First, let us look at a rectangular wound multi-turn coil, as shown in the figure below. A spherical modeling domain contains a rectangular coil. The coil domain represents several hundred turns of wire wrapped around a rectangular profile. The lead wires that excite the coil are neglected from the model, and we treat the coil as a closed loop of current. The *Multi-turn coil* feature is used to compute and apply a uniform current distribution around the profile of the coil, and the steady-state magnetic field is plotted. Note that the coil domain has a constant cross-sectional area as we follow the path of the current around it.

*A rectangular coil with current flowing around the winding direction. Current flow (blue arrows) and magnetic field are plotted.*

This modeling domain has three planes of symmetry, i.e. planes about which the geometry is exactly mirrored. Let us now see how we can use this geometric symmetry as well as our knowledge of the magnetic field and what direction the current is flowing to reduce the size of our modeling domain.

### The Magnetic Insulation Boundary Condition

The Magnetic Insulation boundary condition represents a mirror symmetry plane for the magnetic field. The magnetic field will be exactly mirrored as you cross the plane.

*The Magnetic Insulation boundary condition — “cut perpendicular to J and parallel to B“.*

This boundary condition also means that the magnetic field is zero in the normal direction to the boundary. That is, the magnetic field must be tangential to this boundary. As a consequence, this boundary condition has the physical interpretation of a boundary through which current can only flow in the *normal* direction. The modeling rule can be summarized: “Use Magnetic Insulation to cut perpendicular to **J** and parallel to **B**.”

### The Perfect Magnetic Conductor Boundary Condition

The Perfect Magnetic Conductor boundary condition, on the other hand, represents a mirror symmetry plane for the current. From a mathematical point of view, it can be thought of as the “opposite” of the Magnetic Insulation boundary condition.
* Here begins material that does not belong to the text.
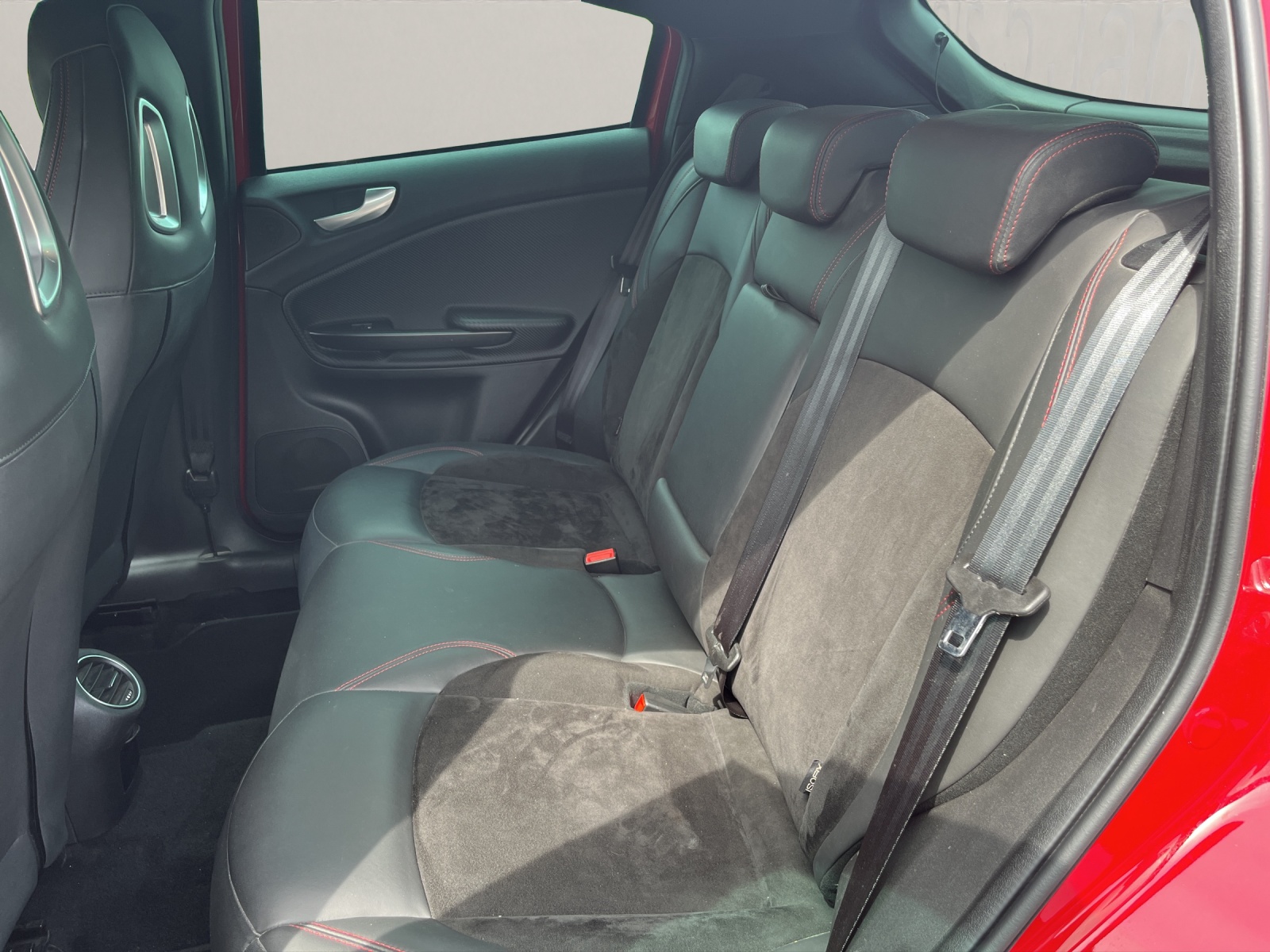 ALFA ROMEO Giulietta 1750 TBi Veloce TCT-image-11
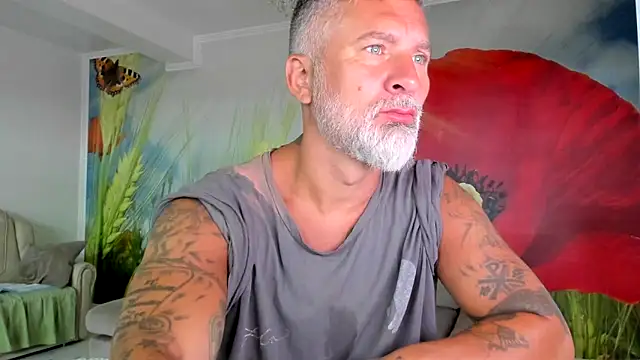 BlowMyXXL online show from June 12, 4:44 am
*The Perfect Magnetic Conductor boundary condition — “cut perpendicular to B and parallel to J“.*

The current vector will be exactly mirrored as you cross the plane and can have no normal component, so the current must flow *tangentially*. This boundary condition enforces that the magnetic field can have no tangential component as you approach the boundary, so the magnetic field can only point in the normal direction and cannot change sign as you cross the boundary. The modeling rule can be summarized: “Use Perfect Magnetic Conductor to cut perpendicular to **B** and parallel to **J**.”

### The Simplified Coil Model

The original geometry can be reduced in size to a one-eighth model representing the original geometry. Orthogonal planes through the center of the coil are used to partition the domains as shown below.

*A one-eighth symmetry model of a rectangular coil with current flowing around the winding direction. The Magnetic Insulation (magenta) and Perfect Magnetic Conductor (cyan) boundary conditions are applied along the appropriate symmetry planes for this problem.*

The Magnetic Insulation boundary condition is applied at the two boundaries representing the planes through which the current will flow normally. If the coil is excited with a voltage boundary condition, it is important to reduce the voltage by a factor of two for each Magnetic Insulation symmetry condition applied. If the coil is excited with current, the applied current does not need to be changed, but the postprocessed coil voltage should be scaled by a factor of two for each Magnetic Insulation symmetry condition.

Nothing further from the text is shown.